I will be applying for a long-stay visitor visa (1 year) in late 2022. Making sure I have all my documents in order as early as I can though. The name on my birth certificate, drivers license and passport are the same (my maiden name), and I will be of course using that name when I apply. However, I went through a few name changes over the years (due to two marriages and two divorces) and my name was legally restored on the divorce decrees back to my maiden name.

Do I need to be ready with translated versions of the divorce decrees, which are quite lengthy, to prove the paper trail of my name changes, or is that overkill since my birth certificate matches my passport now? Should I expect them to do a deep dive into my name-change history?
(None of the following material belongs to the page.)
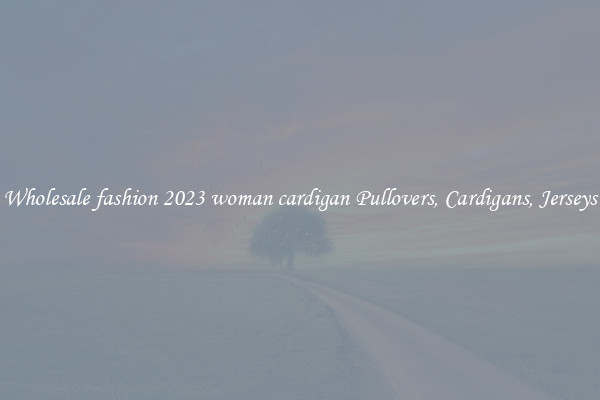 Wholesale fashion 2023 woman cardigan Pullovers, Cardigans, Jerseys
What other document-related surprises can I expect? I have airbnbs set up and prepaid for the entire year I will be there, with the contracts available of course. I will have global health insurance in place when I apply, as required. And by then I will be retired and receiving a more-than-sufficient USA-government pension to satisfy the income requirement.

Thanks!


----------



## Bevdeforges

I would keep the divorce paperwork available, but unless you're asked for it specifically, don't offer it. As long as you are applying for your visa in the same name as what is on your birth certificate, it shouldn't be a problem. Also, when applying for a visa, it's far less likely they'll ask for translations - since it's kind of assumed that the consulate staff have at least a fair knowledge of the local language (especially English in the US). Normally, they only ask for your complete "name history" when you go for French nationality - since all that needs to be documented on your French birth certificate - but that's a long ways off just now. <g>

It sounds like you're pretty much ready to go. When it's time to request an appointment, they'll give you a list of what documents you'll need - and generally speaking, if they decide to ask for something more, they will give you time to get the additional stuff (plus, you can discuss possible alternatives at your appointment if something will be difficult or impossible to get).


----------



## nrlaurin

Bevdeforges said:


> I would keep the divorce paperwork available, but unless you're asked for it specifically, don't offer it. As long as you are applying for your visa in the same name as what is on your birth certificate, it shouldn't be a problem. Also, when applying for a visa, it's far less likely they'll ask for translations - since it's kind of assumed that the consulate staff have at least a fair knowledge of the local language (especially English in the US). Normally, they only ask for your complete "name history" when you go for French nationality - since all that needs to be documented on your French birth certificate - but that's a long ways off just now. <g>
> 
> It sounds like you're pretty much ready to go. When it's time to request an appointment, they'll give you a list of what documents you'll need - and generally speaking, if they decide to ask for something more, they will give you time to get the additional stuff (plus, you can discuss possible alternatives at your appointment if something will be difficult or impossible to get).


Thank you so much!


----------